Schematic representation of CARMN locus located on mouse chromosome 18 and the CRISPR/Cas9 deletion of the first exon and 4.8 kilobases of the promoter (total 5 kilobases). The arrows next to each transcript name, indicate the direction of transcription. The grey arrows and box indicate where common primers to both isoforms were designed. B) Validation of knockout strategy by qRT-PCR using common primer set performed on the aortic arches of CARMN^+/+ (n=4) and CARMN^-/- (n=6) mice. Mann-Whitney was used to assess statistical significance indicated with p values. C) Schematic workflow used for the induction of mouse atherosclerosis using AAV8-mediated overexpression of PCSK9 and high cholesterol diet in CARMN^+/+ and CARMN^-/- animals. D) Representative tomographic reconstruction of pictures obtained by Optical Projection Tomography (black picture) and non-tomographic projection of the mouse aortic arch (white picture). The arrows indicate the brachiocephalic artery. Quantification of the plaque volumes in CARMN^+/+ (n=7) and CARMN^-/- (n=8) animals performed using CTan software. Student’s t-test was used to assess statistical significance indicated with p values. E) Representative Haematoxylin & Eosin staining of cross-sections from brachiocephalic artery of CARMN^+/+ and CARMN^-/- animals. Pictures acquired at 10X magnification. Scale bar 200μm. F) Quantification of the plaque areas at the site of maximum lesion of brachiocephalic arteries in CARMN^+/+ (n=10) and CARMN^-/- (n=9) mice, performed using Fiji software. Student’s t-test was used to assess statistical significance indicated with p values. G) Haematoxylin & Eosin staining of cross-sections from aortic roots of wild type and CARMN^-/-animals. Pictures acquired at 5X magnification. Scale bar 200μm. H) Quantification of plaque area of aortic roots of CARMN^+/+ (n=14) and CARMN^-/- (n=15) animals, performed using QuPath software. Student’s t-test was used to assess statistical significance indicated with p values.

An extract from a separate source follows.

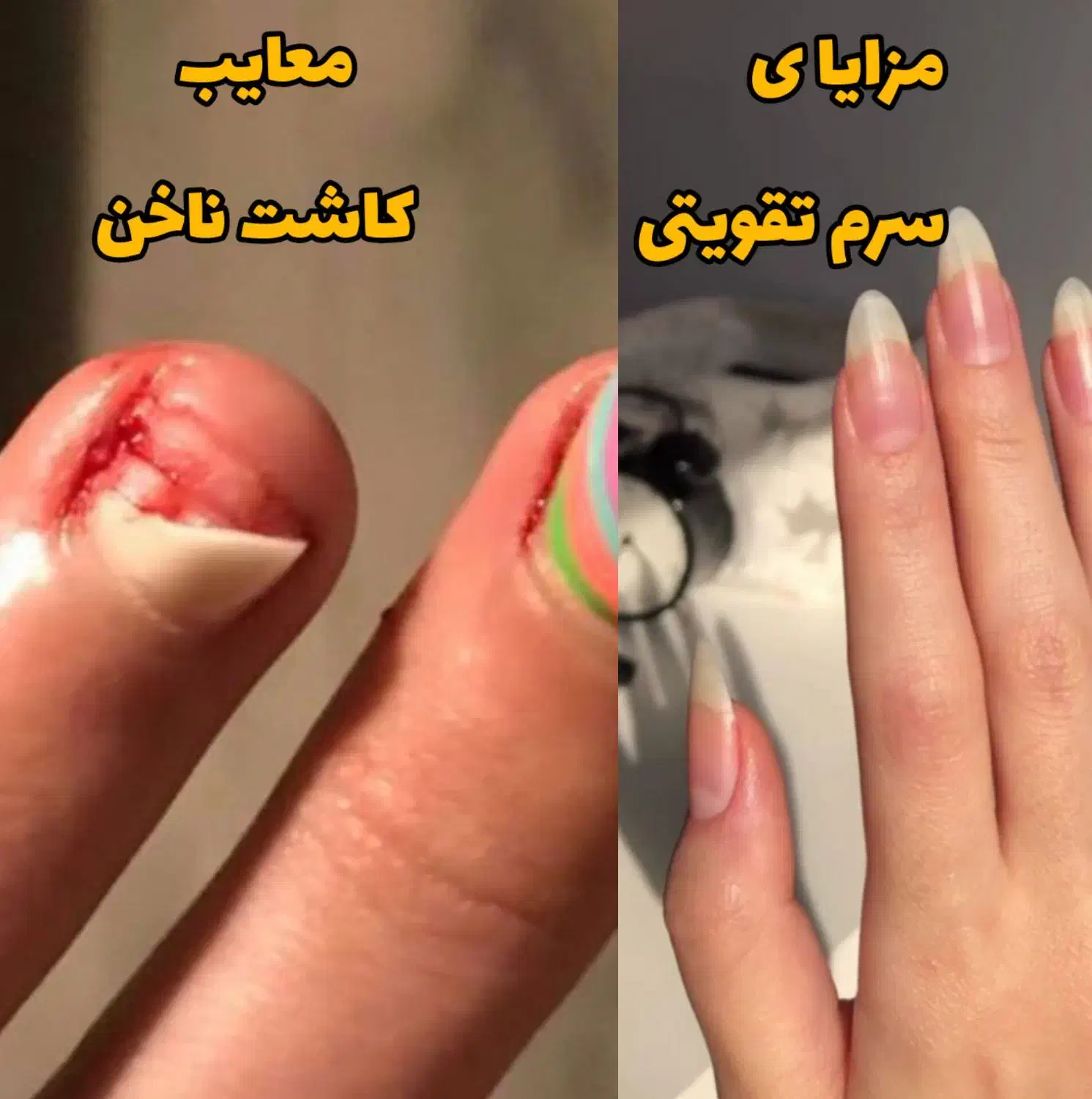 سرم تقویت ناخن اصل نمایندگی بردسیر|آرایشی، بهداشتی، درمانی|بردسیر, |دیوار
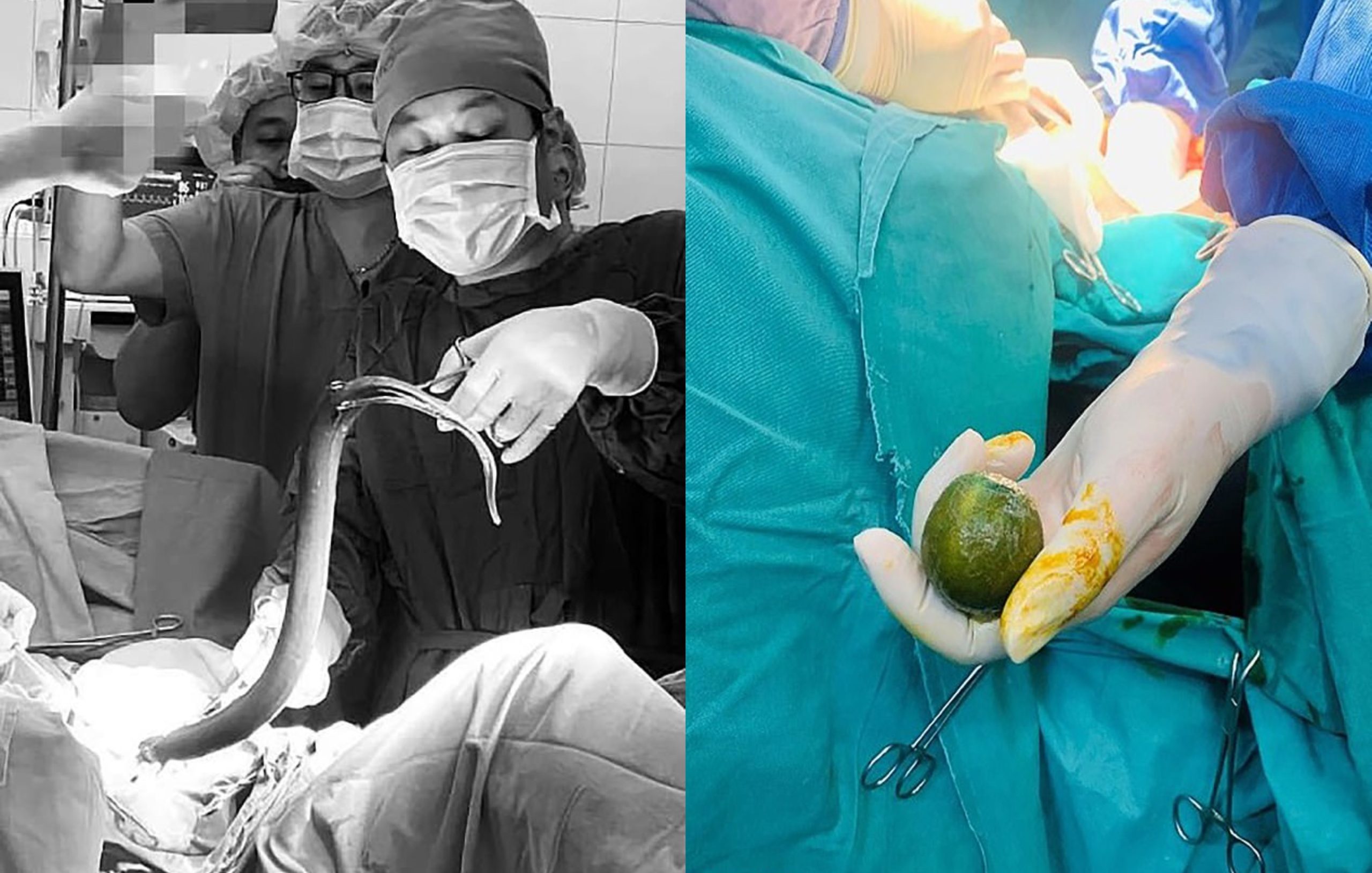 Demi Nafsu Lelaki Sanggup Masukkan Belut Sepanjang 64cm & Sebiji Lemon Ke Dalam Dubur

Figure 7. The genetic knock-out of CARMN increased the expression of Lgals3 in plaques developed in the aortic arch of CARMN^-/- animals versus wild type controls.

A) Representative EdU staining of proliferating cells in plaques from CARMN^+/+ and CARMN^-/- animals. Pictures were acquired with 10X magnification. Scale bar 80μm. B) Quantification of proliferating cells in plaques of CARMN^+/+ (n=10) and CARMN^-/- (n=9) animals. Values are expressed as % of positive nuclei over the total cells counted in the plaque. C) and E) Representative immunostainings and D) and F) quantification of the positive area for αSMA and Lgals3 staining respectively in the plaques of CARMN^+/+ (n=10) and CARMN^-/- (n=9) animals. Pictures acquired at 10X magnification. Scale bar 200μm. G) Representative picrosirius red staining and H) quantification of collagen content in the plaques of CARMN^+/+ (n=10) and CARMN^-/-(n=9) animals. The pictures were acquired by polarized light microscopy at 10X magnification. Scale bar 200μm. Student’s t-test was used to assess statistical significance indicated with p values.